Di Eropa, Pada tahun 1974 oleh seorang Prancis yang bernama Francoise d’ eaubonne, dalam bukunya La feminisme Ou la Mort yang pertama kali memunculkan istilah ekofeminisme. Dame Jane Morris Goodall seorang ahli primata dari Inggris yang terkenal dengan penyelidikannya tentang simpanse.
Di Asia, ternyata pada jauh sebelumnya di India terjadi gerakan Chipko pada tahun 1947. Saat itu para perempuan di Kota Reni wilayah Pradesh memeluk erat pohon-pohon yang akan ditebang untuk suatu tujuan kolonial. Mereka menganggap bahwa pepohonan itu adalah kehidupan mereka dan warisan leluhur yang harus dilestarikan. Dalam aksi yang dikenal sebagai Chipko Movement ini, terselamatkan ratusan areal hektar hutan yang akan ditebang.

Dari India juga ada Vandana Shifa, seorang ilmuwan fisika yang terjun dalam aktivitas penyelamatan lingkungan hidup. Lalu Di Indonesia kita mengenal Nama-nama seperti Erna Witoelar, Ully Sigar Rusadi serta Katrina Koni, Ki’i penerima kalpataru 2005, atas aksinya menanam ribuan pohon tanah Sumba. Perempuan Indonesia lainnya, Yuyun Yunia Ismawati yang aktif menyuarakan kebersihan di pantai-pantai Bali bersama organisasi Bali fokusnya. Juga Harini Bambang Wahono yang berjuang memberantas sampah di Kampung Banjarsari bahkan juga menciptakan lingkungan yang asri di kampung tersebut. Bahkan Kampung Banjarsari pun sempat menjadi desa percontohan UNICEF.
Mei Ng dari China bekerja keras untuk menciptakan kesadaran akan lingkungan di seluruh daratan China. Ia juga mendirikan pusat pendidikan energi terbaharukan pertama di Hongkong. Pada tahun 2002 dia terpilih menjadi Dewan Penasihat Lingkungan Perserikatan Bangsa-Bangsa (PBB).
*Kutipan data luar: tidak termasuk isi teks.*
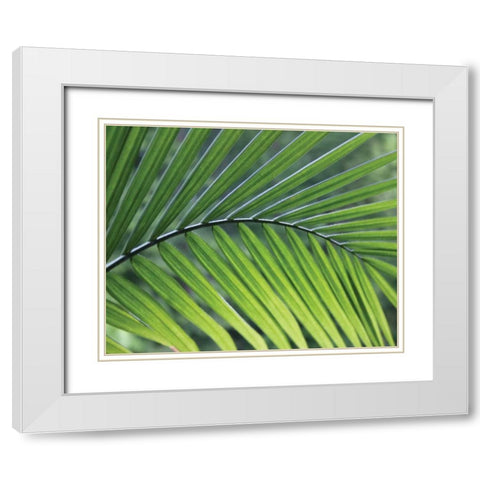 Green Palm I White Modern Wood Framed Art Print with Double Matting by Larson, Scott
Di benua Afrika, dimulai dengan Dr Wangari Muta Maathai. Perempuan kulit hitam ini mendirikan gerakan sabuk hijau pada tahun 1977 yang bertujuan untuk mencegah erosi tanah dan tetap menjaga keberlangsungan kayu di hutan. Maathai memotivasi ibu-ibu di Afrika mengumpulkan bibit tanaman, menanamnya serta menjaga hasilnya. Karena inilah akhirnya ia digelari Mama Mitii yang berarti ibu pepohonan.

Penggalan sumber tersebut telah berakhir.